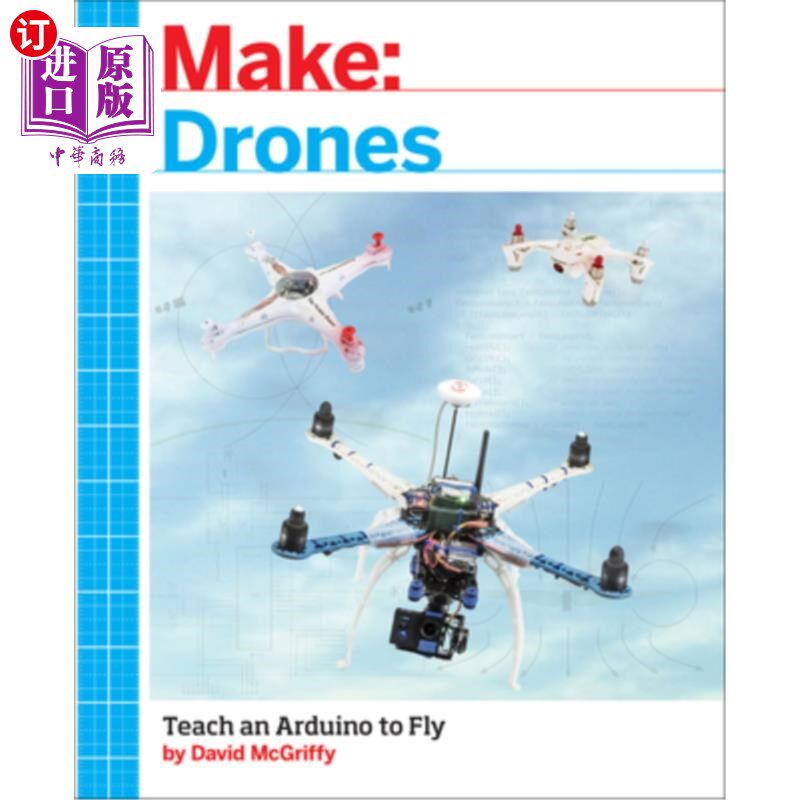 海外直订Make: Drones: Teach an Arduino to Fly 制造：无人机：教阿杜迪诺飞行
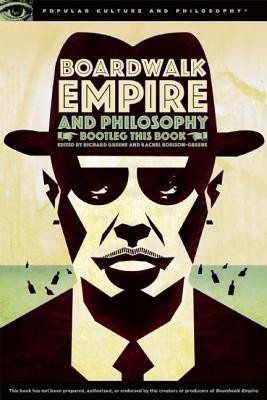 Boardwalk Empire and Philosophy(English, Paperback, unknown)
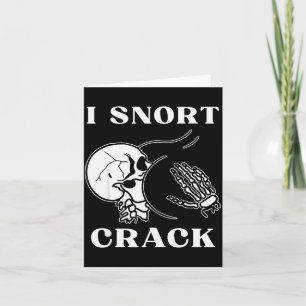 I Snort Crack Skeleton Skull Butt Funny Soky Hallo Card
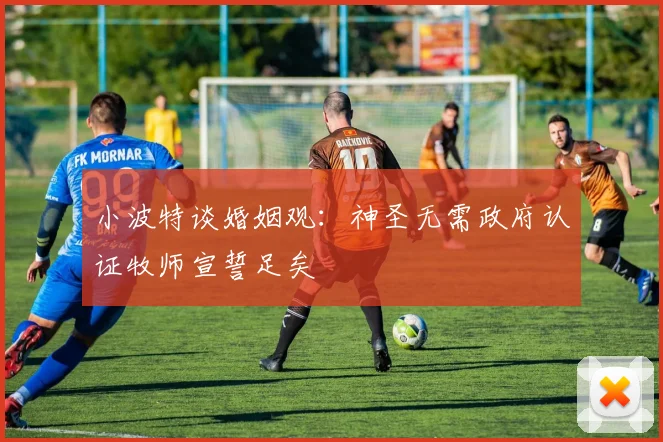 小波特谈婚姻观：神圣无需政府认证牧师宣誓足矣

---

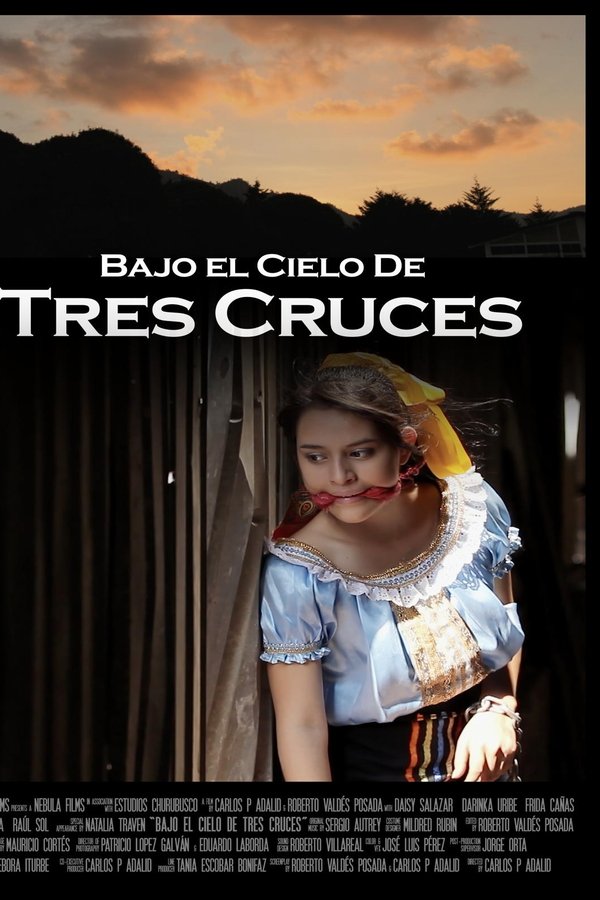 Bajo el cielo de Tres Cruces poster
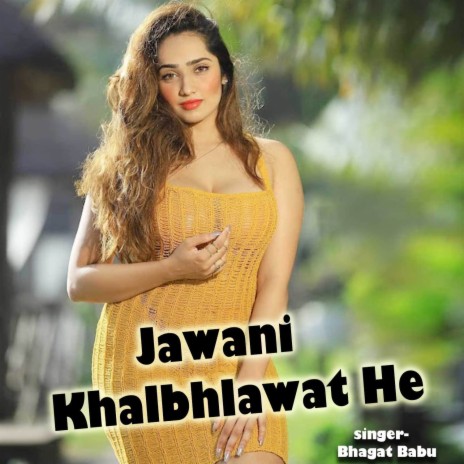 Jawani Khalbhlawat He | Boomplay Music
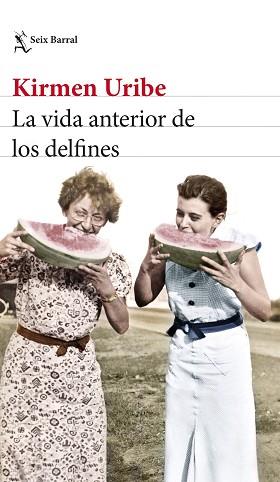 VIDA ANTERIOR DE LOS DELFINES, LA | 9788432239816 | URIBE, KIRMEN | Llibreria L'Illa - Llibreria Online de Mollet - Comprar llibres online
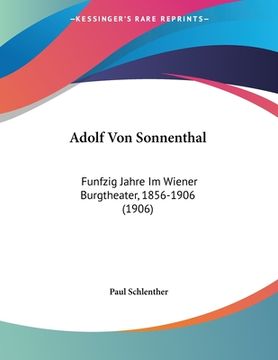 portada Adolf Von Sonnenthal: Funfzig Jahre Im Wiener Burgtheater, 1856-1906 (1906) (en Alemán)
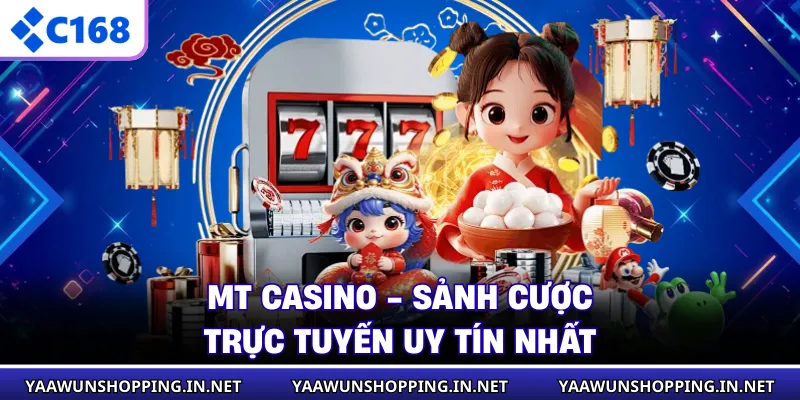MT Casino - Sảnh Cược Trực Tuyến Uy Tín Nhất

YOUR INSTRUCTIONS: All lines above starting at the one with "海外直订Make: Drones: Teach" and ending at the one with "小波特谈婚姻观：神圣无需政府认证牧师宣誓足矣", inclusive, are to be printed again exactly, with the pictures left out.

TASK SOLUTION:
 海外直订Make: Drones: Teach an Arduino to Fly 制造：无人机：教阿杜迪诺飞行
 Boardwalk Empire and Philosophy(English, Paperback, unknown)
 I Snort Crack Skeleton Skull Butt Funny Soky Hallo Card
 小波特谈婚姻观：神圣无需政府认证牧师宣誓足矣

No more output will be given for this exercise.